Each day, after school, I would head for the market and
extract as many bottles as I could reach from the fenced yard then carry them
around to the front and into the market where I would redeem them and collect
the deposits. I should add that I
always spent everything I collected on edibles from the same market. I was convinced that spending the money in
another store would have been disloyal. It would also make what I was doing too much like stealing and I was now
old enough to know that stealing was a sin.
When I’d get back home the apartment would be empty and I
would be on my own until 5 or 6 when Margaret would return from work. She would fix our dinner and then, if she
wasn’t going out, I was expected to join her in the living room to learn new
atrocities my father had committed, hear anew the treachery of the Catholic
Church and the rapacious appetites and sinful hypocrisy of the Catholic
clergy. When these subjects had been
exhausted she would begin what I came to call her “Special Bonds” lecture. Drunken tears would come to fill her eyes and
roll down her cheeks as she would tell me about the special bond that always
exists between a mother and her child. She would insist there was nothing as powerful or enduring as a mother’s
love and that nothing could ever come between a child and his mother.

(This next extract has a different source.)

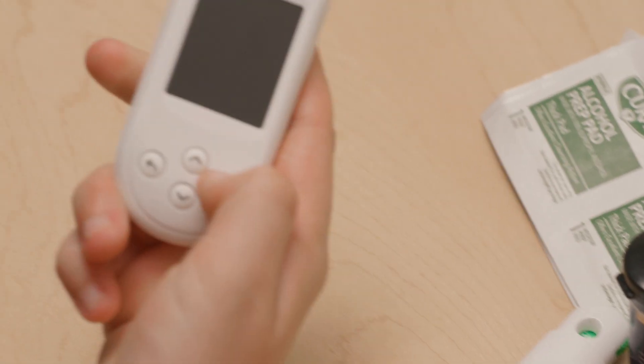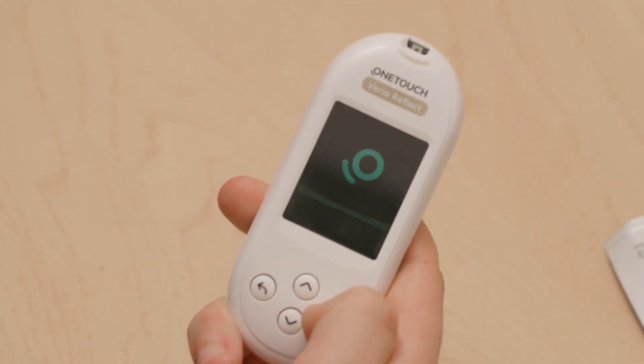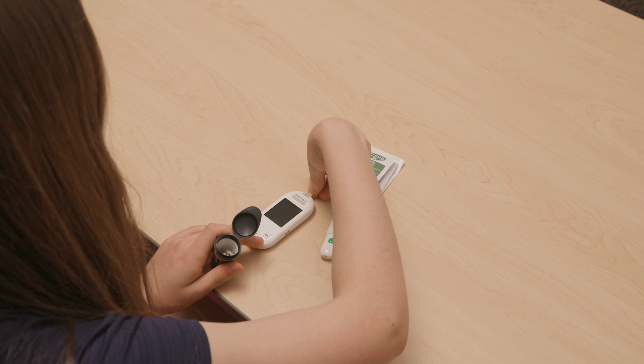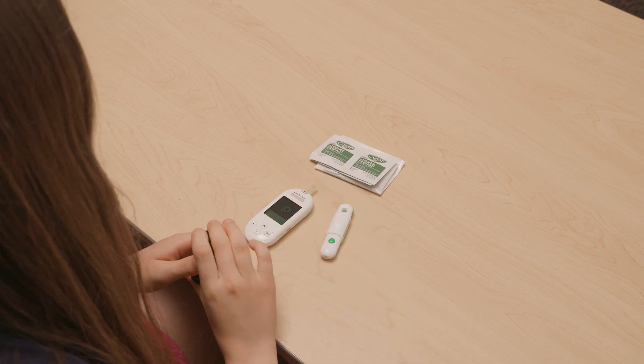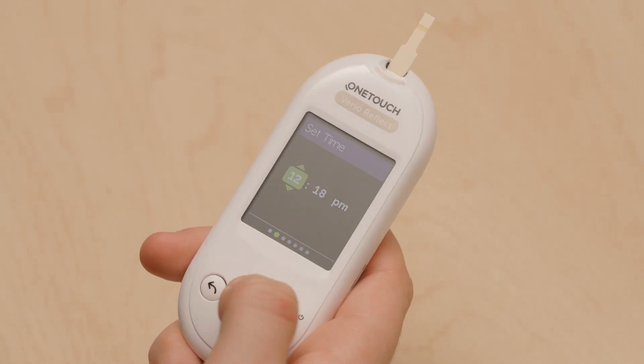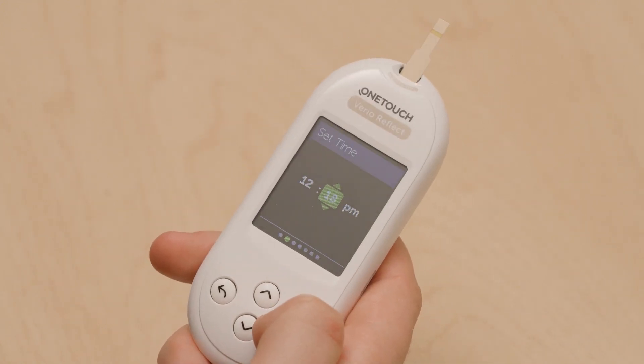To set up your meter, you can turn it on one of two ways. You can push and hold down the power button, or you can put in a test strip and it turns it on. The first time turning on your meter, you will need to set the date and the time. This is very important to make sure your numbers are being recorded on the right date and time.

I may have been only 8 years old but I was maturing. I was learning skepticism. I won’t say I thought she was lying … but I
had some genuine problems buying into her protestations.
One Saturday morning when I was outside in the yard playing
with the girl who lived in the apartment across from us Margaret called me from
the door of our apartment. It was too
early in the day for her to be drunk and late enough so she had probably recovered
from the night before and I went to her without any particular misgivings.
Her face was alight with excitement as she beamed happily at
me and motioned me into the house. She
had another secret to share. She was
going to get married again.
She may have told me who she was going to marry or she might
not have. I hadn’t known she was seeing
anyone and if she named the lucky(?) man it wasn’t a
name I knew or recognized. I could tell
she thought I would share her excitement and happiness so I made an attempt to
act happy and excited. It must have
worked because she let me go back outside where I rejoined the little girl from
across the way.
“What did
your mother want,” she asked?
“Oh, she’s
going to get married again. I’m going to
have a new father,” I answered.
Of such innocent remarks are disasters born. The little girl told her mother the
news. As it happened, her mother was
planning a small party that evening. By
coincidence and unknown to me, my mother and her boyfriend were invited guests.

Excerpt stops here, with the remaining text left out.